C’est un crime.

En 2015 le General-Secrétaire de l’UN Ban Ki-Moon a dit ça sur la traite des humains. Il l’a appelé avec son mệme nom, crime. À l’ouverture du 13ème UN Congrès pour la prévention du crime et la justice criminelle il a dit: “la traite des humains est un des plus implacables maux honteux, une violation des droits de l’homme où les vies des hommes sont échangées, vendues, exploitées, abusées et endommagées. Il n’y a pas de pays immuns et millions de vies sont en danger. Nous devons prendre une position cohérent, mettre le phénomène dans le projecteur, trouver les trafiquants derrière les bars et assurer protection et support aux victimes et personnes vulnérables.”

Mettons-nous le phénomène dans le projecteur, c’est ce que Ban Ki-Moon a dit il y a quatre ans. En revanche, malgré l’augmentation du phénomène, le 18ème Novembre s’est passé en silence. Ça était le Jour Européen contre la traite des humains, établi en 2006 de la Commission Européenne. Vous pouviez voire des édifices illuminés d’orange, le Mole Antonelliana “habillé” comme un témoignage, initiatives dans les réseaux socials et dans quelques places. Mais on en a parlé peu. Trop peu. Comme si ce crime n’ait pas fait d’informations.

Encore, la traite des humains est un crime des nos temps et elle est en train de se propager de plus en plus rapidement. Il s’agit d’un crime des mineurs: recrutés, transportés, avancés, abrités pour ệtre exploités. On assume des formes différentes comme la prostitution forcée, travaux forcés, esclavage, servitude, prélèvements des organes.

C’est un phénomène que implique le monde entier avec les trafiquants dans toute l’Europe. Selon l’Organisation Internationale du Travail il y a plus de 40 millions de victimes de traite des humains. 25% d’eux sont des mineurs.  Ainsi, un sur quatre victims est un enfant ou un ado. Un crime que pendant les dernières années était poussé de la technologie, avec la gestion, vente et bénéfice par les crypto-monnaies, en faisant très difficile la localisation de ceux qui sont derrière à chaque mouvement financier.

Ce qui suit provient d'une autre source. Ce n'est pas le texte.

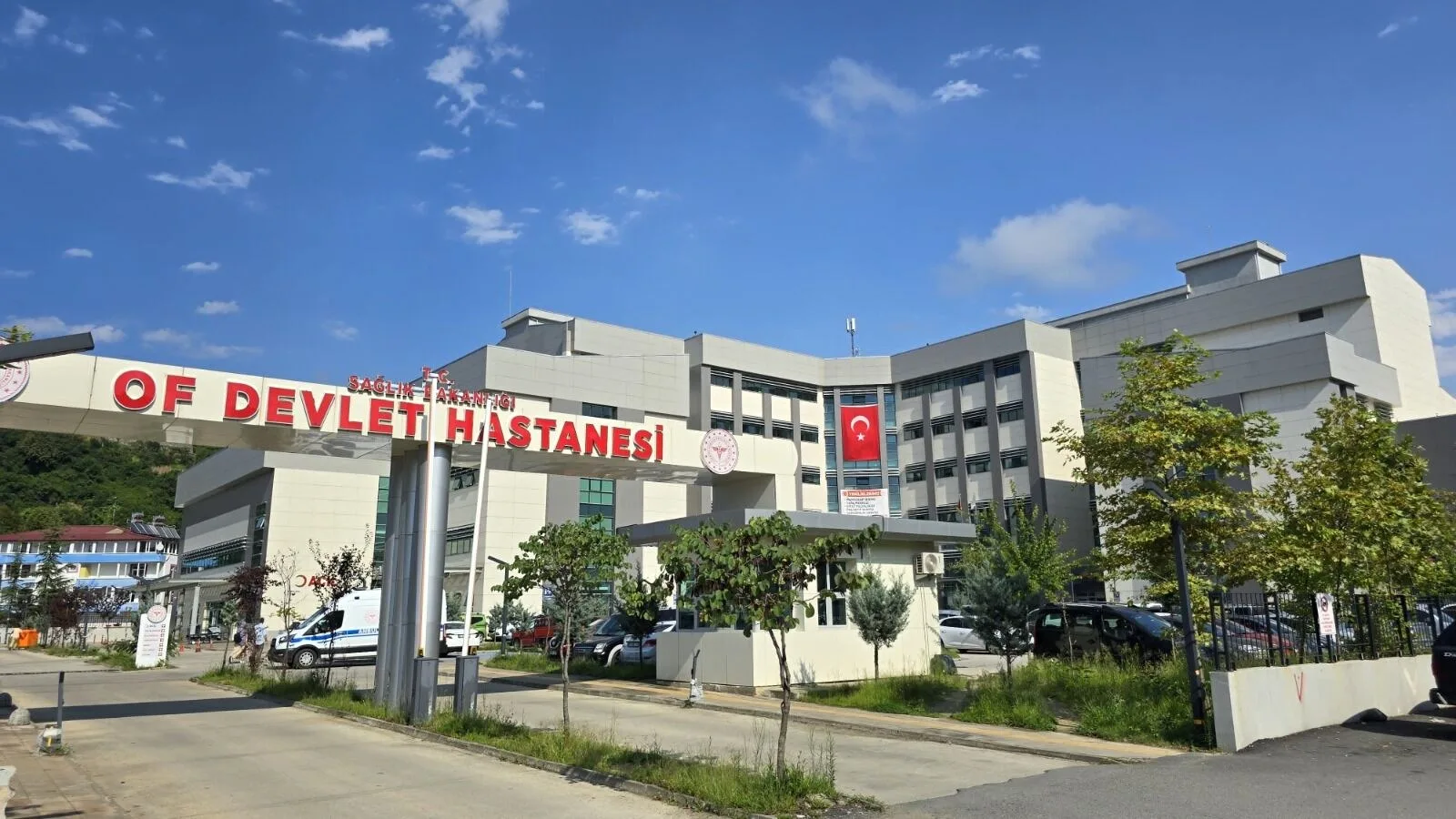 Of Devlet Hastanesi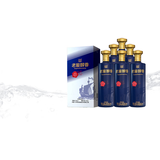 泸州老窖老窖醇香 52度纯粮浓香型白酒 52度 500mL 6瓶 潮代整箱装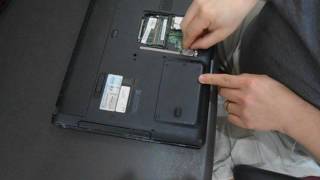 CMOS battery hack  Laptop CMOS battery [upl. by Dermot295]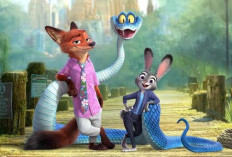 Zootopia 2 Siap Menggebrak Layar Lebar: Trailer Perdana Bocorkan Aksi Baru yang Lebih Seru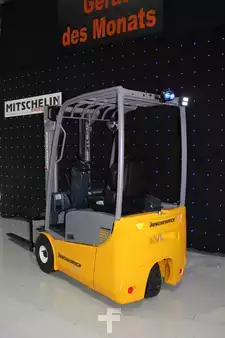 Elektro 3 Rad 2016  Jungheinrich EFG 113  SP 300ZT  (ED480) (3)
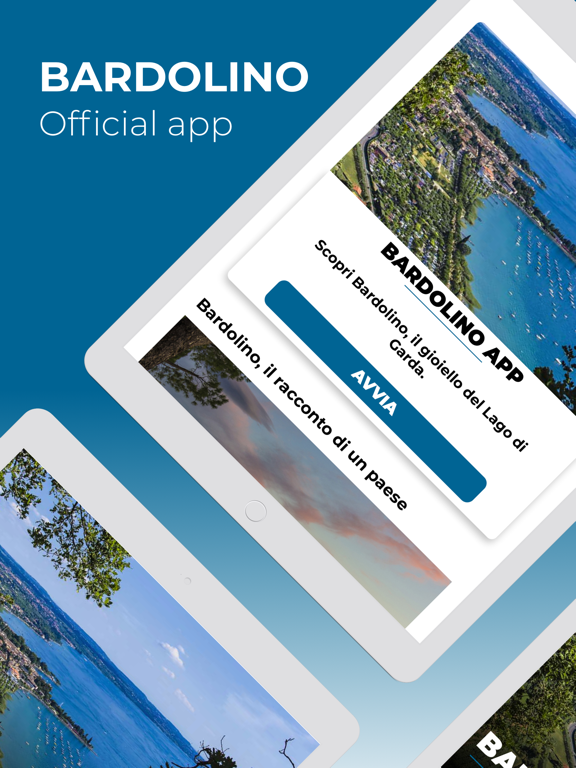 Screenshot #4 pour Bardolino App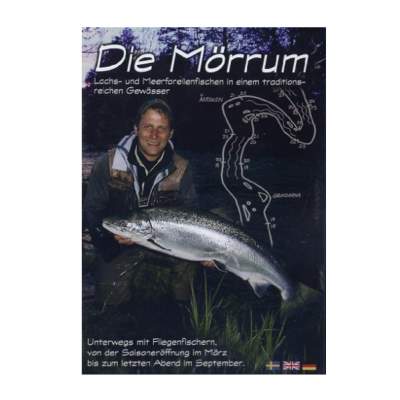 Mountain Media DVD Die Mörrum, - 1Stück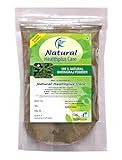 100% Natural Bhringraj Leaves (ECLIPTA ALBA) Powder for FIGHTING HAIR FALL NATURALLY by Natural Healthplus Care (1/2 lb / 8 ounces / 227 g)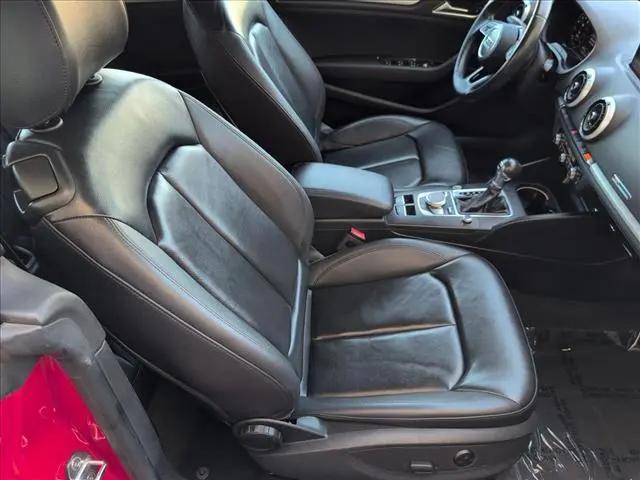 2018 Audi A3 2.0T Premium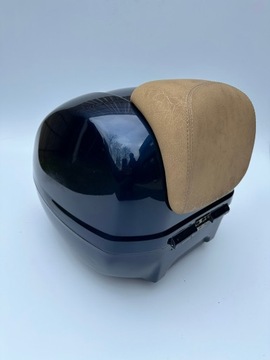 Kufer Vespa GTS oryginał kolor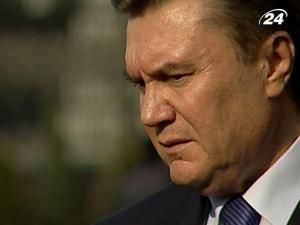 Янукович прогнозує "відносну стабільність" цін на хліб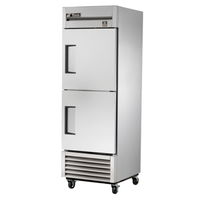True Refrigeration TS-23F-2-HC 27-Inch One-Section Reach-In Freezer with Solid Half-Doors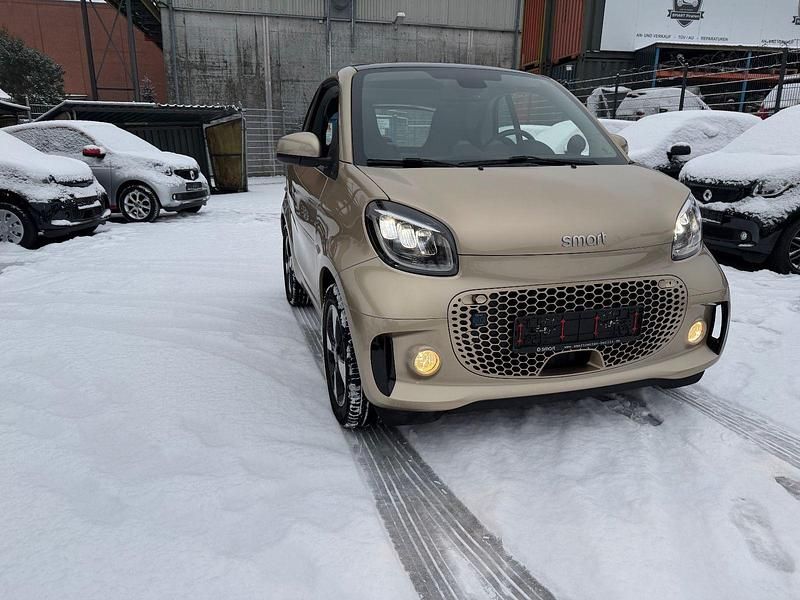 Gebraucht Smart ForTwo Coupé 60 kW (82 PS) 2020 Gold Coupé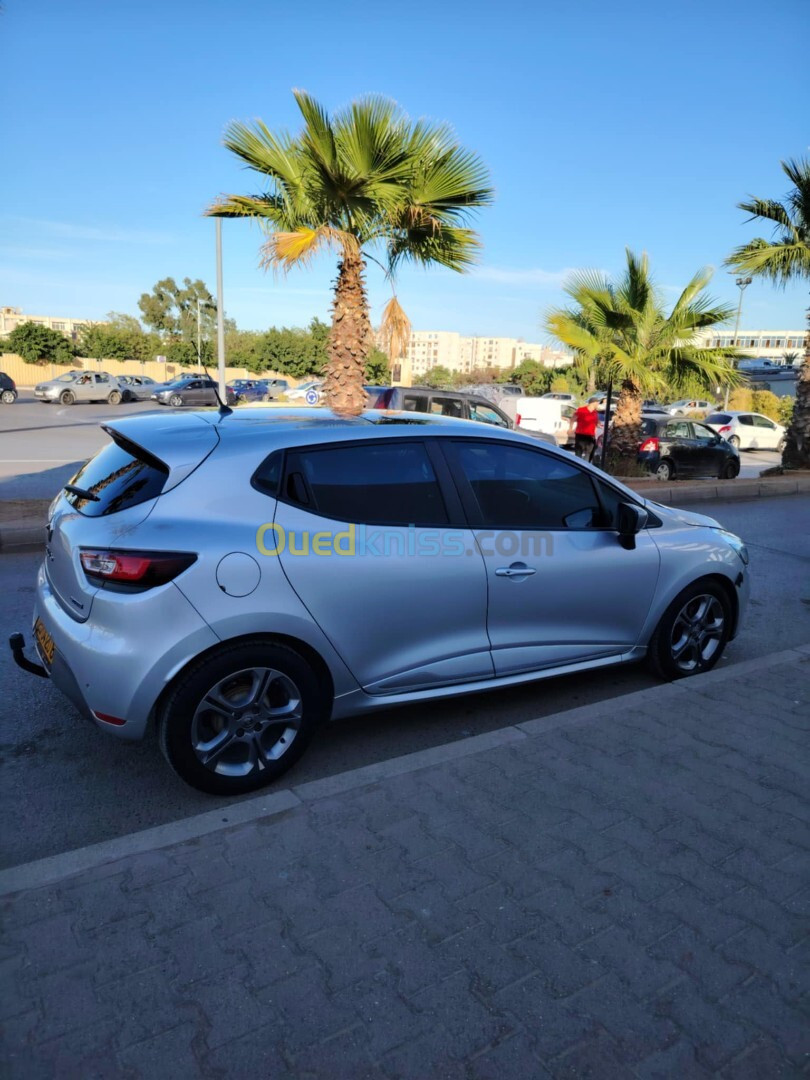 Renault Clio 4 2020 GT Line +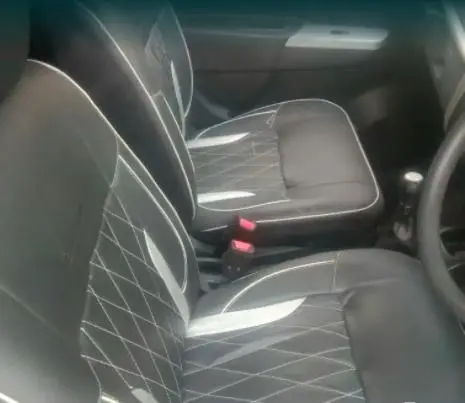 Maruti Suzuki Wagon R VXi 2012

Huit millions d’ enfants étaient vendus en ligne. C’est une tragédie silencieuse qu’a lieu dans le silence du monde de l’ouest. L’Europe, ils ont dit. Parce qu’ en analysant la dimension de la traite des humains nous découvrons qu’il n’y a pas de différence parmi les deux mondes. Chacun est impliqué. Dans le reste du monde la première place est occupée des nigérians avec 27.3% suivie des turcs (18,8%), albanais (16.2%), brésiliens (12.9%), marocains (6.5%) et les chinois (6.4%). En Europe les directeurs de la traite des humains sont les roumains avec 21%, suivis des bulgares avec 20% suivis des trafiquants belges (18%), allemands (11%) et espagnols (7%).

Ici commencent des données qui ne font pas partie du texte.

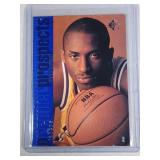 1996-97 SP Kobe Bryant ROOKIE CARD  Los Angeles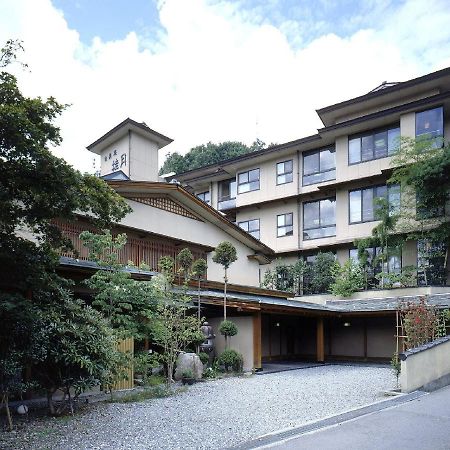 Hotel Keigetsu 阿智村 エクステリア 写真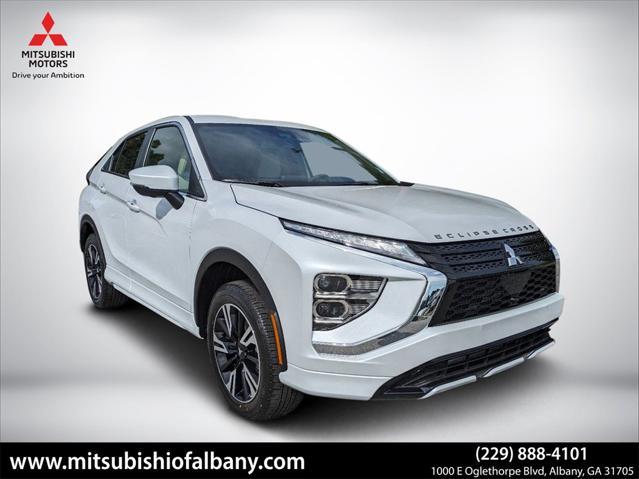 new 2024 Mitsubishi Eclipse Cross car, priced at $33,540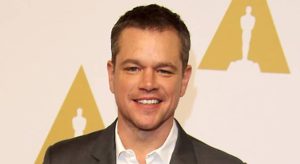 Matt Damon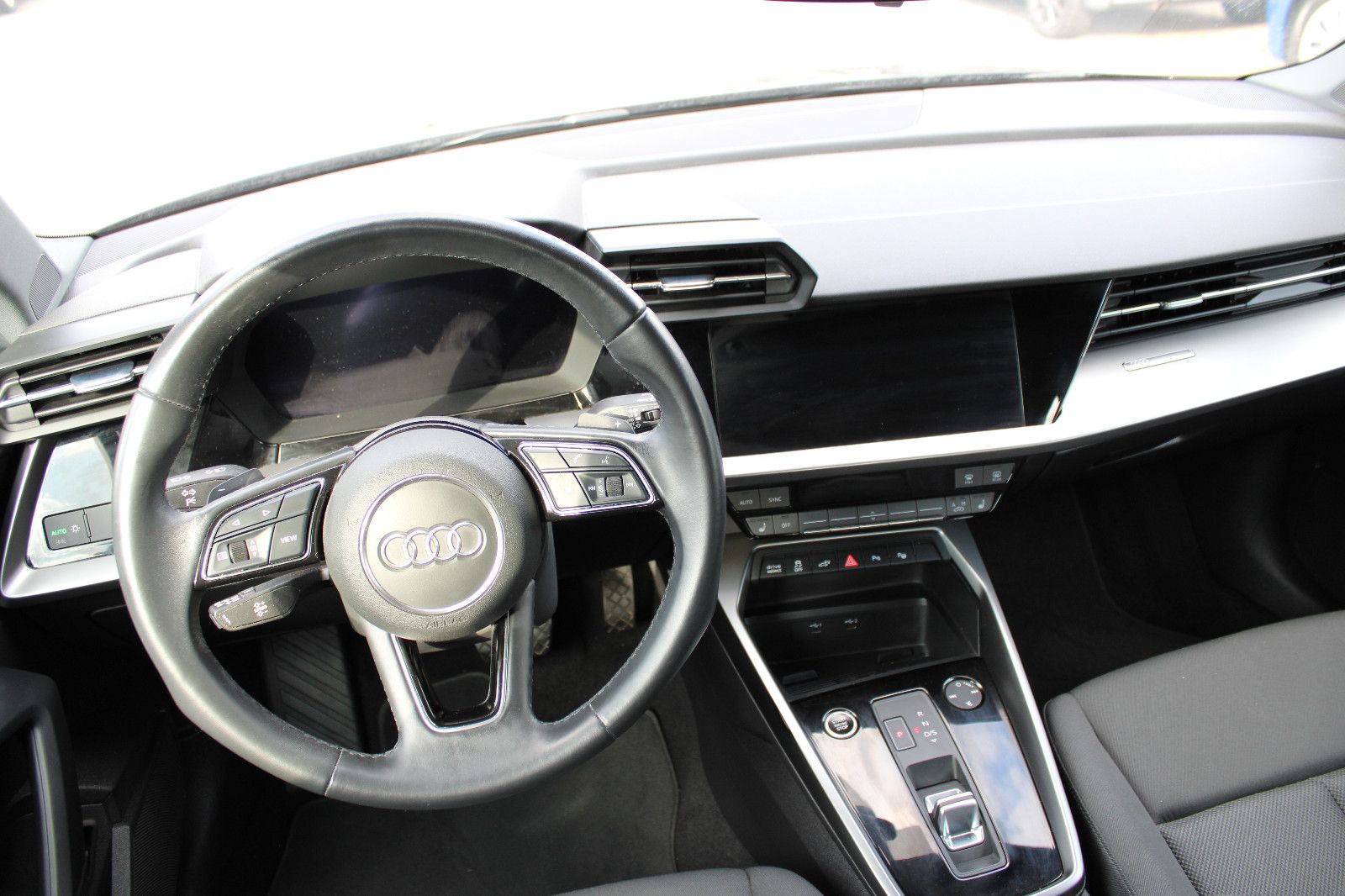 Fahrzeugabbildung Audi A3 40 TFSI e S tronic Sportback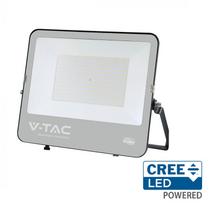 Prožektorius LED Cree 200W, 4000K, IP65, Juodas korpusas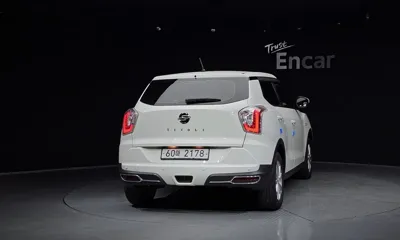 KG_Mobility_Ssangyong TIBOLI 2019, 173293 км, за 5222.11 USD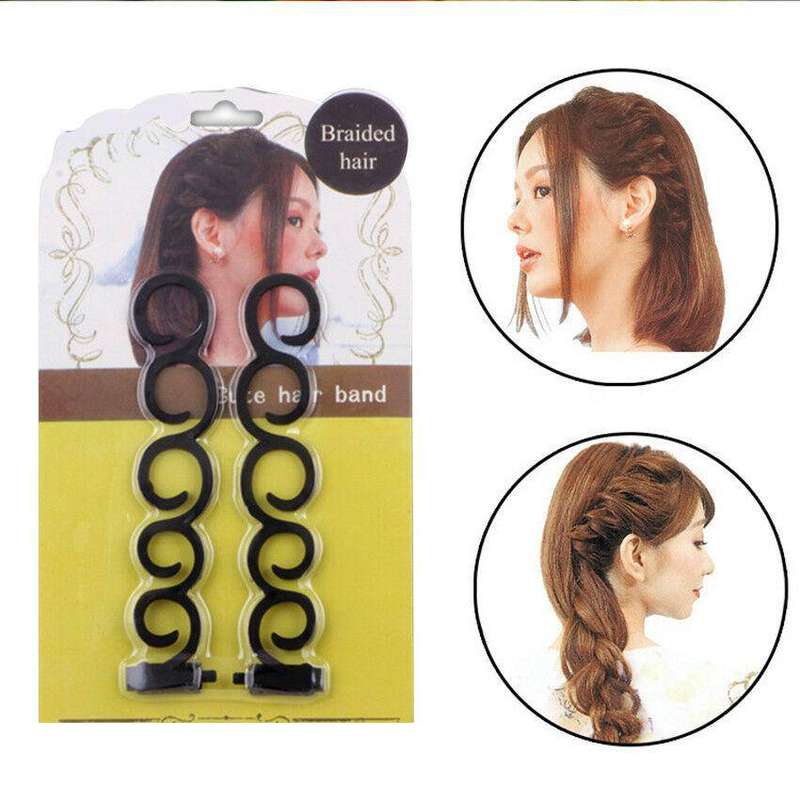 Woven Hair Tool French Braided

Les enfants vendus aux orques sans pitié. Les données d’Internet Watch Foundation parlent clairement: en 2018, 229.328 sites internet étaient examinés et 105.047 contenaient de la pornographie infantile: 23 % ont prouvé de la violence ou tortures sexuelles vers mineurs. Des chiffres déconcertantes, devant lesquelles on reste indifférents très difficilement. Une situation inquiétante en augmentation, comme confirmé des données et statistiques du CyberTipline of the National Centre for Missing and Exploited Children (NCMEC), ou on dit qu’en 2014 les cas ont augmenté d’un million, en 2015 de quatre millions et en 2016 de huit millions. En outre, Microsoft nous dit que tous les jours plus de 720.000 images d’abus sexuels vers les enfants sont downloadées.

Et en Italie? La situation est l’égal de la tendance mondiale. En 2017, 532 prix ont été rangés et il y a été 43 arrệts pour la pornographie infantile. La police de l’Etat a déterminé que 28.560 sites Internet sont impliqués, 2077 d’eux étaient mis dans la liste noire. L’année dernière les sites Internet du reportage ont augmenté jusqu’à 33086, 2182 d’eux étaient dans la liste noire. Attirer les mineurs en ligne est pertinent et inquiétant aussi, avec 437 cas qu’ont mené à 158 personnes accusés et 19 arrệtées.